A Política é mais eficaz e o desaguadouro evidente dessas situações.
Deve-se
precisar com as famílias o que a equipe se propõe a realizar, quais
os objetivos que deseja atingir, sobretudo, na direção da clarificação
de situações. Deixar claro, igualmente, o tempo de duração da terapia,
quando se pretende encerra-la.
Lamentavelmente,
as lutas salariais e por melhores condições de trabalho das equipes
profissionais, tem trazido graves prejuízos a estas terapias e muitas
vezes, quando muito longas estas greves, o contrato terapêutico
é totalmente rompido e/ou abandonado, colocando ainda mais em descrença
o serviço público.
A
FAMÍLIA CARENTE
O
trabalho que se tem realizado com famílias carentes permite apresentar
algumas características que importam na abordagem terapêutica:
- Grande violência física
– não é raro que os conflitos familiares ou conjugais assumam
o registro da violência física. Na verdade, a violência
ao nível familiar – de casa – é tão ou mais significativa
do que a violência das ruas. Só que essa violência familiar
não é divulgada. Ela fica escondida, não é revelada. Desde
que haja um clima de maior confiança, seguramente que esse
assunto tomará um grande interesse e espaço. Cabe aos terapeutas
estarem alertas e não portarem julgamentos;
- ausência da figura paterna
– Assume uma proporção significativa a existência de famílias
sem a presença da figura paterna. Seja porque esse pai deixou
a família, seja porque ele tem um papel irrelevante. Trata-se
da falência do pai. Destituído da condição de provedor da
família – pelo desemprego, pela baixa remuneração, pelo
esvaziamento da autoridade – nada lhe resta, senão assumir
um comportamento de ameaça e de violência, tentativa de
recuperar a função, ou, fugir pelo abandono simples ou pela
bebida.
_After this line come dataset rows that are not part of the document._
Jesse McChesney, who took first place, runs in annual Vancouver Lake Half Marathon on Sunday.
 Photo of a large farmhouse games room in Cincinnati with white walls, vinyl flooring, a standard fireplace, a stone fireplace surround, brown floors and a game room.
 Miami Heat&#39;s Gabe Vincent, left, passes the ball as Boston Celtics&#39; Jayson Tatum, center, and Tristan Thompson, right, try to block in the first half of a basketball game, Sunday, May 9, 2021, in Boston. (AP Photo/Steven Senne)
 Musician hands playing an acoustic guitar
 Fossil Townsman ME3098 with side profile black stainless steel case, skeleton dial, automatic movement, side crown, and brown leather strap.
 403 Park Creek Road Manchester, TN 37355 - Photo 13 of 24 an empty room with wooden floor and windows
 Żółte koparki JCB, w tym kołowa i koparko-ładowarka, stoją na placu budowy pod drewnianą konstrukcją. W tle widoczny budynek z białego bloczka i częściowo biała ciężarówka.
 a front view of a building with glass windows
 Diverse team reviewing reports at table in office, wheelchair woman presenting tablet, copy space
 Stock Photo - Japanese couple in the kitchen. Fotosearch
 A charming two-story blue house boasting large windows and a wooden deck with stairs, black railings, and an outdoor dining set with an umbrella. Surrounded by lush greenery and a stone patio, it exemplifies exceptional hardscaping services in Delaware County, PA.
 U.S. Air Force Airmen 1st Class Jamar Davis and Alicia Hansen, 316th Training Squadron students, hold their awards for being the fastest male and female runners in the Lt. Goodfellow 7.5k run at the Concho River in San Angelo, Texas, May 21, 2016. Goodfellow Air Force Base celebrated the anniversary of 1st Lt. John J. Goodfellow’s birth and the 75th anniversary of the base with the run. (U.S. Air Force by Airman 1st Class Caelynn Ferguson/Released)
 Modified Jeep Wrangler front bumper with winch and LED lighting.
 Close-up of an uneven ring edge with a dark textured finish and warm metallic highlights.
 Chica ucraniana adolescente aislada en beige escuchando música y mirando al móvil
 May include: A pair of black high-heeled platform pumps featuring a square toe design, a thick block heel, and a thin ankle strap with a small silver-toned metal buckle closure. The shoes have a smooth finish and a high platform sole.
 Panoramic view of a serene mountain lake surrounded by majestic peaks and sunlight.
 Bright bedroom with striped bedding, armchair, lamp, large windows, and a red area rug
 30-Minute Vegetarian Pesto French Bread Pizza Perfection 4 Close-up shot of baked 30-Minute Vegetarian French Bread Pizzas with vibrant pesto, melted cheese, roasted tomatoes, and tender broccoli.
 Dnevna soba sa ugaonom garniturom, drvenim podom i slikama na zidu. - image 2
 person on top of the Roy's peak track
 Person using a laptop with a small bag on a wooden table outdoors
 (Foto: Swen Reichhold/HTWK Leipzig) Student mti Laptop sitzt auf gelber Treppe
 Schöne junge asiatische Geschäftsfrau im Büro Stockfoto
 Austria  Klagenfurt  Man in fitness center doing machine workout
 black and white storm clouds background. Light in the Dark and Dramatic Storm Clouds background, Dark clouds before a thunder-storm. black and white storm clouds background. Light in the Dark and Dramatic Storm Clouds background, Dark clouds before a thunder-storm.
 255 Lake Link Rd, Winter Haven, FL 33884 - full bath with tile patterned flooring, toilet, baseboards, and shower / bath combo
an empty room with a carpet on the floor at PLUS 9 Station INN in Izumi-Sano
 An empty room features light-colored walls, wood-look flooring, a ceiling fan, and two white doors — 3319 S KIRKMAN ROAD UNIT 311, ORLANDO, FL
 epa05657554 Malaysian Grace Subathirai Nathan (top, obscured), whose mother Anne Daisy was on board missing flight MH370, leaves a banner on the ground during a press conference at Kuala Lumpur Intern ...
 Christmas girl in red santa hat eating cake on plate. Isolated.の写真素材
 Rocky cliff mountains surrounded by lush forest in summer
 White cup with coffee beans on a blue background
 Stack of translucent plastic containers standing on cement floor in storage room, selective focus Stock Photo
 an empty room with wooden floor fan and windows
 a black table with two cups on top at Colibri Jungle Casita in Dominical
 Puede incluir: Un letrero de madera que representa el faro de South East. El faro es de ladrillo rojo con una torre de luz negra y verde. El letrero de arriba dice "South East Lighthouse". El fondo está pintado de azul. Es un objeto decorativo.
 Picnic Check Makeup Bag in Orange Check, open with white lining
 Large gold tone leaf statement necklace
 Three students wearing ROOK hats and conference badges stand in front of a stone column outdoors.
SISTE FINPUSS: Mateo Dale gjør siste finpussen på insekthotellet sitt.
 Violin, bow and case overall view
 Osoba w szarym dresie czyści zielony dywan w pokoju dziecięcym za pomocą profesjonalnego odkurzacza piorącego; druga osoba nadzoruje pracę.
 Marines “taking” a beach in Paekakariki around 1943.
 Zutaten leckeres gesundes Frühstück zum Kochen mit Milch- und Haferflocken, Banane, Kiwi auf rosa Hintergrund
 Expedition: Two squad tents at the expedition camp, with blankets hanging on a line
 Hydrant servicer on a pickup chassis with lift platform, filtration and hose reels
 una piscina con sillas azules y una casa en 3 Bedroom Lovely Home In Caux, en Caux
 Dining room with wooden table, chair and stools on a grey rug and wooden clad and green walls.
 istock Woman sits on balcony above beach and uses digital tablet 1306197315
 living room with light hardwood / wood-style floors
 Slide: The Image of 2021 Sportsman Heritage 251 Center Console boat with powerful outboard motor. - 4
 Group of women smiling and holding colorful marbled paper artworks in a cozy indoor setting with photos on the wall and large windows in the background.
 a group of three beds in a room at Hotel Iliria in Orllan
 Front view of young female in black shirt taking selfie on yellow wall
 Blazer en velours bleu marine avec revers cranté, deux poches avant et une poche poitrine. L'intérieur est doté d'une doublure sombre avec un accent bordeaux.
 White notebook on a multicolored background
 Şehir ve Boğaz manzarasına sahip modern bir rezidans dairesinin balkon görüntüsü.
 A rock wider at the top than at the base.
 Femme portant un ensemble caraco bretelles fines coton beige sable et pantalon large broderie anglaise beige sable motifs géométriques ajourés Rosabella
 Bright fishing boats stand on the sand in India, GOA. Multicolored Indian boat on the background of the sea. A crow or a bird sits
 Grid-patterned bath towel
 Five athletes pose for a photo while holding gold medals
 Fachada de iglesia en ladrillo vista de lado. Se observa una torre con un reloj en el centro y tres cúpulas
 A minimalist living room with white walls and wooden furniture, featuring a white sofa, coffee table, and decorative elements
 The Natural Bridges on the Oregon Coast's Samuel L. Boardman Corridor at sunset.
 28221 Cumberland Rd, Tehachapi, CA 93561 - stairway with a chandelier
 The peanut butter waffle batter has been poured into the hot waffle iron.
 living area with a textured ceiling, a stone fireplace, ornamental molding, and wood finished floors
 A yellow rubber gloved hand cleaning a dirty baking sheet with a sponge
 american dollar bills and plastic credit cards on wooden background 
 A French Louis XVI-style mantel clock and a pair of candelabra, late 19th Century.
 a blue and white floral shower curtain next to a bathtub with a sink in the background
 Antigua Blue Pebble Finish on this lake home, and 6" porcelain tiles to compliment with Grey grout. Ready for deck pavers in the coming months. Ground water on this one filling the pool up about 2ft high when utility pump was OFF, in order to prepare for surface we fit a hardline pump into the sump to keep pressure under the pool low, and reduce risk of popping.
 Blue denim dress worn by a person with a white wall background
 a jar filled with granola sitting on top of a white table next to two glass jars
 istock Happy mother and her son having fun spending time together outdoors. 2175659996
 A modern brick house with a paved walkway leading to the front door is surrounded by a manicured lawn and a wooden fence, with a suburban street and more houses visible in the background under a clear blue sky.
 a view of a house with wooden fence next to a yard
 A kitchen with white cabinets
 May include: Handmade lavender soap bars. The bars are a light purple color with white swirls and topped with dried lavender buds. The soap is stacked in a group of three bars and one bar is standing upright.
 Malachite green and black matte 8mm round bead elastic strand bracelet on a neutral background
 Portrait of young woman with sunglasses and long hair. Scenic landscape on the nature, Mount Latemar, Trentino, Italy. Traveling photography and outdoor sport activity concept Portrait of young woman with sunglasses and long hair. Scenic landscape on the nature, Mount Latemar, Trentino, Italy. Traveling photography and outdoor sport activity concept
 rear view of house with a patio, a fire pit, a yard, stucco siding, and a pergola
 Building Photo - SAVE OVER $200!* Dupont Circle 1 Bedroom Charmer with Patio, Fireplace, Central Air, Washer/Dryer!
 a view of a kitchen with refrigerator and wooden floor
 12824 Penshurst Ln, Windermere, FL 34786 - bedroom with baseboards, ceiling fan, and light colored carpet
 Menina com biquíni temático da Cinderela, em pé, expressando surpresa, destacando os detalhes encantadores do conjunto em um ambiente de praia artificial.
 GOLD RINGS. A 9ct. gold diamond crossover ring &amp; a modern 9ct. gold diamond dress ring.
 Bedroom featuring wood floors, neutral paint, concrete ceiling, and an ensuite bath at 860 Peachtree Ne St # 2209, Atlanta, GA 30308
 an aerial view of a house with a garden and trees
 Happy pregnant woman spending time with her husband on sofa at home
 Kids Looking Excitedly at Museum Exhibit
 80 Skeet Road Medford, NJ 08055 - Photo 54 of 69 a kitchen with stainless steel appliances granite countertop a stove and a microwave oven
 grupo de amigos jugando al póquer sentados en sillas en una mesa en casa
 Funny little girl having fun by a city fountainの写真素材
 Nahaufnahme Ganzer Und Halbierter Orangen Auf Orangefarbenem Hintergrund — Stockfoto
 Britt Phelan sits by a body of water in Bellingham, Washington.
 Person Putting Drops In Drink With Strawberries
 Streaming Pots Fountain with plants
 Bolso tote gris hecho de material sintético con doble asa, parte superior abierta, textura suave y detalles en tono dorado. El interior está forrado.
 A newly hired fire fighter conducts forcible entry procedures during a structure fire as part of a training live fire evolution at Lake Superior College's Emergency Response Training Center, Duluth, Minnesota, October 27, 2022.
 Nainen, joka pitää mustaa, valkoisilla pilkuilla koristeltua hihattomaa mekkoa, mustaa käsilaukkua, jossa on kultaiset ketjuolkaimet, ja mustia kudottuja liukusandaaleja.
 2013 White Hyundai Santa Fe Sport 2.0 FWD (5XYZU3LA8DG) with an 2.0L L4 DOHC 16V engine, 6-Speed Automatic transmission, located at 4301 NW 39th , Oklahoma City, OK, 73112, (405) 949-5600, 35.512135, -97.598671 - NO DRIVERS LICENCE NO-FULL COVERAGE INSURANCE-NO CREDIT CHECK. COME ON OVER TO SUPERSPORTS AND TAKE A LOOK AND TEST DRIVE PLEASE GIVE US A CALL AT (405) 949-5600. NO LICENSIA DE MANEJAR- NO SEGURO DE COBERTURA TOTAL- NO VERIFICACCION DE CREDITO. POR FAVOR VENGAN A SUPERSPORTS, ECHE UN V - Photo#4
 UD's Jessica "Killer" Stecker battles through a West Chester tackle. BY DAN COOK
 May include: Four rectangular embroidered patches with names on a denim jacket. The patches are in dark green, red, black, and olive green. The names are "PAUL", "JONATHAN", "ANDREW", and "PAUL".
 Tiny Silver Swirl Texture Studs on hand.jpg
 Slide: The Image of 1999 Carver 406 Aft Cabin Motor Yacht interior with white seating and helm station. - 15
De alguma forma é muito importante estar atento
a esses novos arranjos familiares e o significado que eles
podem ter na dinâmica familiar;
- fatalismo histórico –
elemento social evidente, esse fatalismo pode representar
também, ao nível da dinâmica familiar, um significado muito
grande. "É assim mesmo". "Nada pode mudar",
"Deus quis assim". "Nasceu assim vai morrer
assim...". Esse tipo de pensamento é muito bloqueante.
Parece um valor cultural muito impregnado e difícil de ser
percebido e, obviamente, mudado;
- imediatismo (Aqui e Agora)
– dada a condição de dor e desesperança, pouco se crê nas
promessas ou nas possibilidades a longo prazo. As situações
são tão graves e dolorosas que precisam ser encaradas de
imediato. Por isso, é bom que a terapia proponha algo de
concreto. Os gestos, os rituais, as condutas, mesmo expostas
a título de prescrição, podem ter uma eficácia e uma resposta
que não coloca a terapia num vazio;
- utilitarismo – dessa forma,
é natural que sejam buscadas soluções mágicas, milagrosas.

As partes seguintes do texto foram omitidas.